La langue de Jani s’allège parfois d’articles et de pré-positions, invente un mot. Sa poésie, aimantée par la magie des lieux, est portée par des images intimes, petits drapeaux de prières flottant au vent, ou arc-en-ciel comme un pont de lumière ralliant deux univers.

 

« On peut avoir une vie double » dit-elle pensive au cours d’un échange, une vie ouverte à la fois au visible et à l’invisible.

 

À plein cœur

 

« Il est tard dans ma vie », note Jani dans un mouvement de « battement d’aile » qui lui est propre. Les mots se pressent alors pour dire le deuil de l’amour et la présence de l’absent. Un amour qui a effacé tous les autres : « Il est tour à tour ma jeunesse et mes cheveux blancs » confie-t-elle. Grand guitariste de Flamenco et plasticien aux rigoureuses compositions, Felipe Gayo est celui avec lequel va se partager la quête. Ils se feront chasseurs-cueilleurs de Vérité. L’amour comme une évidence charnelle, une irradiation du cœur, mais aussi une exigence, et le souvenir même de l’amour qui est encore exigence.

 

Et puis l’inéluctable. Les heures douloureuses de qui « souffre à perdre espérance d’une difficile absence », s’expriment en des textes où le désespoir se cogne au respect de soi et de la vie, une posture qui l’entraîne à s’interroger sur le comment « vivre sans chagrin dans le jardin des cendres ».

 

L’âge, le découragement, les pannes d’énergie, rien n’est nié, ni caché. Mais aussi la tendresse d’un fils, les amis précieux. La douleur trouve respiration dans la prière, la prière trouve espace dans la peinture, et la route vers l’autre s’ouvre à nouveau.

 

Passion peinture

 

Passion de peindre et quête spirituelle se nourrissent ensemble dans un balancement entre l’ornemental et le dénuement. Faire d’un carré ou d’un rectangle, un espace méditatif où la beauté dispersée dans le monde se resserre soudain, où l’or et la couleur conversent en murmure, où périphérie et centre suggèrent un secret qui questionne et apaise. Somptuosité des mandalas, où la rigueur de la géométrie s’allie à la matité de la nuit et l’éclat d’un jour sans fin de la feuille d’or qui bat au centre. Fait plier la tristesse et la plainte. Don du Silence.

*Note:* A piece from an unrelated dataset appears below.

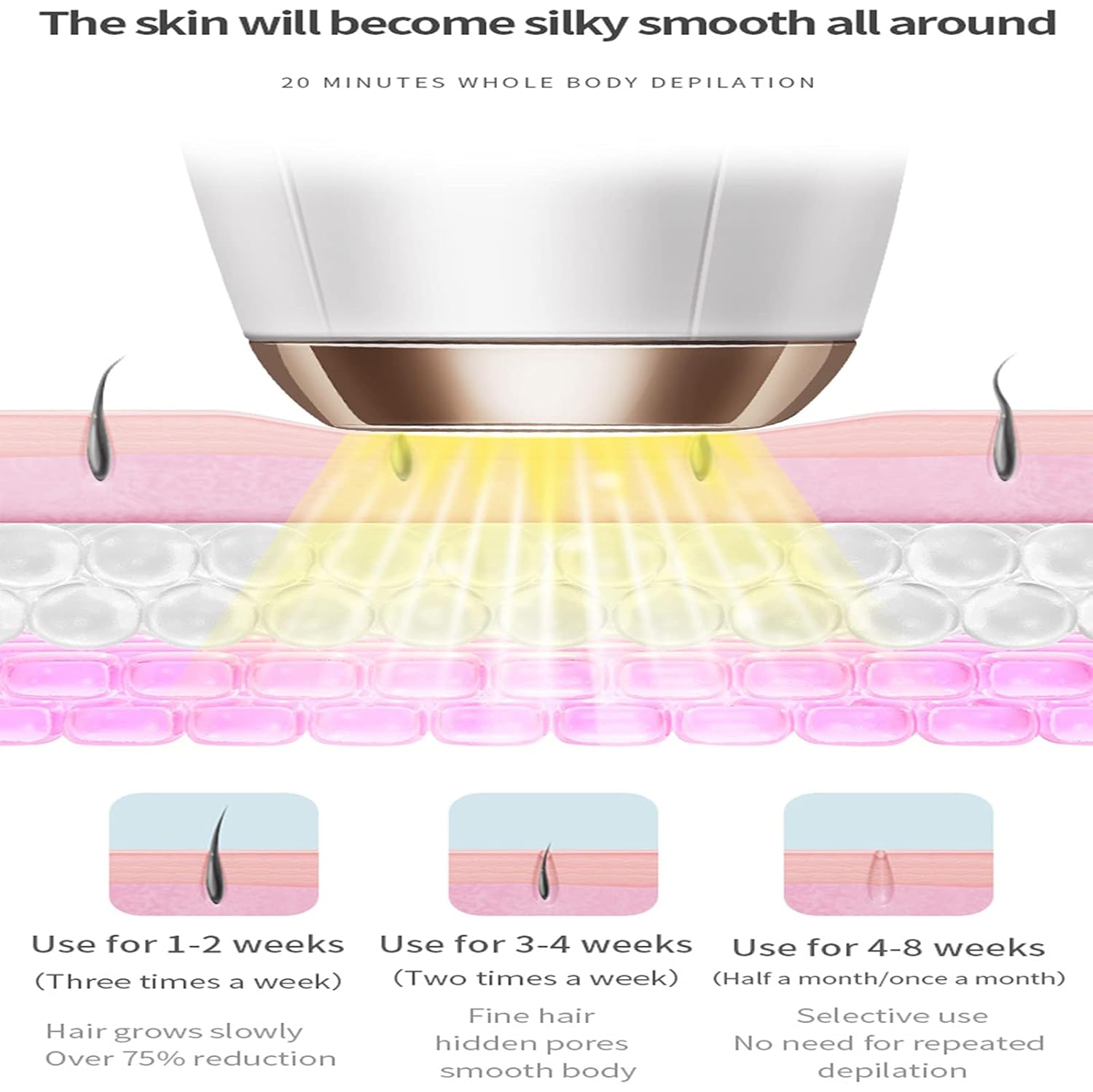 Épilation laser IPL permanente pour femmes, 999999 flashs, 5 niveaux d'énergie, 2 modes de flash, appareil d'épilation à domicile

L’ornementation n’est pas maquillage qui camoufle, mais parure qui révèle. Il y a dans son esthétique, une géométrie fondatrice, des lignes de résonance de l’uni-vers, et affleurent au fil de la pensée vagabonde des points de connaissance, des sources de sagesse.

 

Chercheuse de ciels

 

Jani emprunte de petits chemins quotidiens partagés, et d’étroits chemins de montagne où peu s’aventurent. Elle écoute. Lit. Se remet en question. Doute. Prie. S’interroge sur « la beauté de la mesure ». Prend appui sur la sensualité du corps du monde, sur l’imaginaire qui ouvre à tous les voyages. C’est ce lien entre corps, cœur et invisible qu’elle s’attache à consolider chaque jour, un lien toujours fragile mais structurant.

 

« Les faits du jour ne m’intéressent que s’ils sont en relation, d’une manière ou d’une autre, avec ce quelque chose que l’on ne peut ni toucher ni voir. »

 

Au long de ces Feuilles d’or nous cheminons aux côtés d’une artiste à l’écoute des échos entre charnel et sacré, en connexion sensible avec l’impalpable.

 

Jusqu’au dernier instant, semble-t-elle murmurer, travailler à l’ouverture, à la disponibilité pour demeurer solidaires du vivant, l’âme pleine.